# Complex Analysis/Sample Midterm Exam 2

1. Restrict $-\pi <\arg(z)\leq \pi$ , and take the corresponding branch of the logarithm:

a.$\log -1-i{\sqrt {3}}$ b.$1^{7+i}$ c. Find all 4 roots of ${\sqrt {2}}+i{\sqrt {2}}$ d $\left|e^{\log(2)+i\log({\sqrt {2}})}\right|$ 2. State the Cauchy-Riemann equations for a complex valued function $f(z)$ . If you use symbols other then $f$ and $z$ indicate how they relate to these quantities.

3. State whether the give function is holomorphic on the set where it is defined.

a. $\displaystyle 2z+2z^{2}-{\frac {1}{z}}$ b. Let $z=x+iy$ and let $f(z)=e^{ix}$ .
c. $zg(z)$ where $g(z)$ satisfies $\displaystyle {\frac {\partial }{\partial {\bar {z}}}}g(z)=0$ d. $|z|$ 4. Let $\gamma :[a,b]\to \mathbb {C}$ be a simple closed curve so that $z=0$ lies in the interior of the region bounded by $\gamma$ .

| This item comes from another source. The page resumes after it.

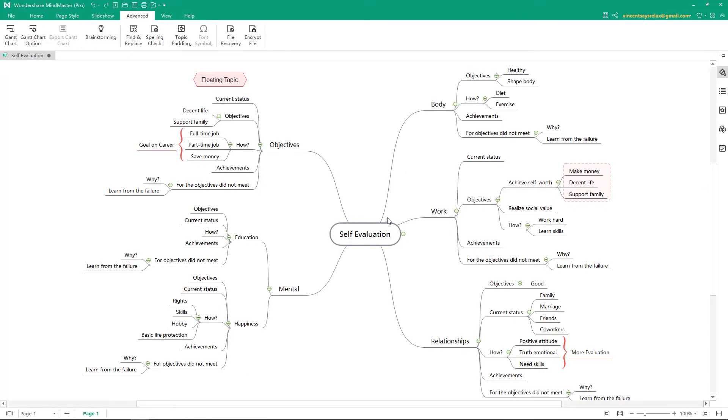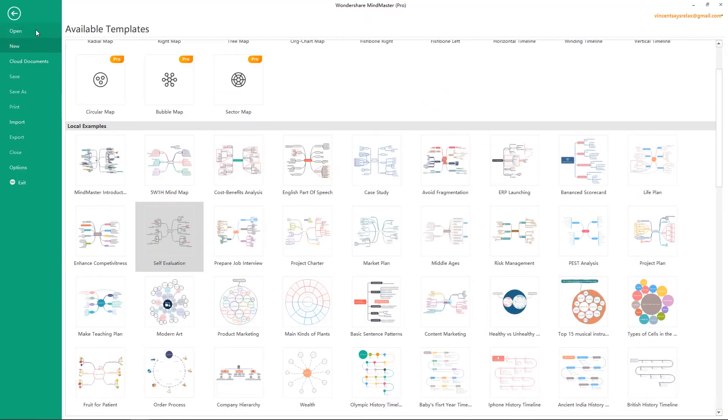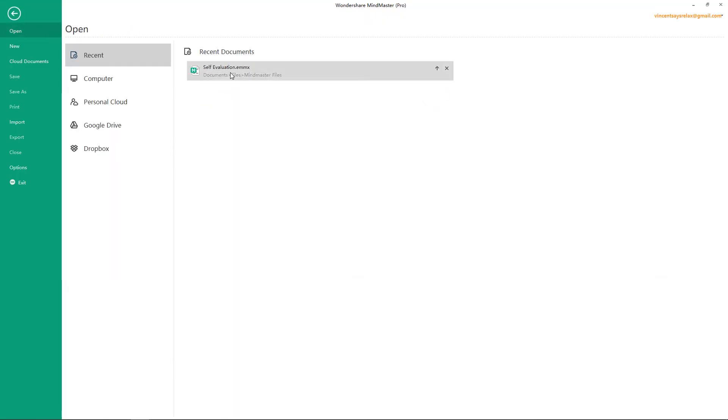When the password is removed, press Ctrl S or click Save. Then you can open the file directly next time.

a. Suppose $n\geq 0$ and compute
$\oint _{\gamma }z^{n}\,dz,$ simply writing the correct value without any explanation will not receive credit.
b. We now consider the case corresponding to $n=-1$ . Please compute
$\oint _{\gamma }z^{-1}\,dz,$ c: Now suppose $n\leq -2$ and compute
$\oint _{\gamma }z^{n}\,dz.$ 5. Let $\gamma :[0,2\pi ]\to \mathbb {C}$ be given by $\gamma (t)=6e^{it}$ . Calculate $\displaystyle \oint _{\gamma }{\frac {\cos \zeta }{\zeta +\pi }}\,d\zeta$ 6. Let $u(x,y)=x^{2}-y^{2}$ find a function $v(x,y)$ so that $f=u+iv$ is holomorphic in the complex plane and $v(0,0)=1$ .

7.

a. Using the limit characterization of the complex derivative show that ${\bar {z}}$ is not holomorphic.
b. On the other hand show that if ${\frac {\partial }{\partial z}}{\bar {z}}=0$ .
c. Do parts (a) and (b) contradict each other, explain why or why not.

8. State Cauchy's integral theorem, and intuitively what you need to know about the function, domain and contour.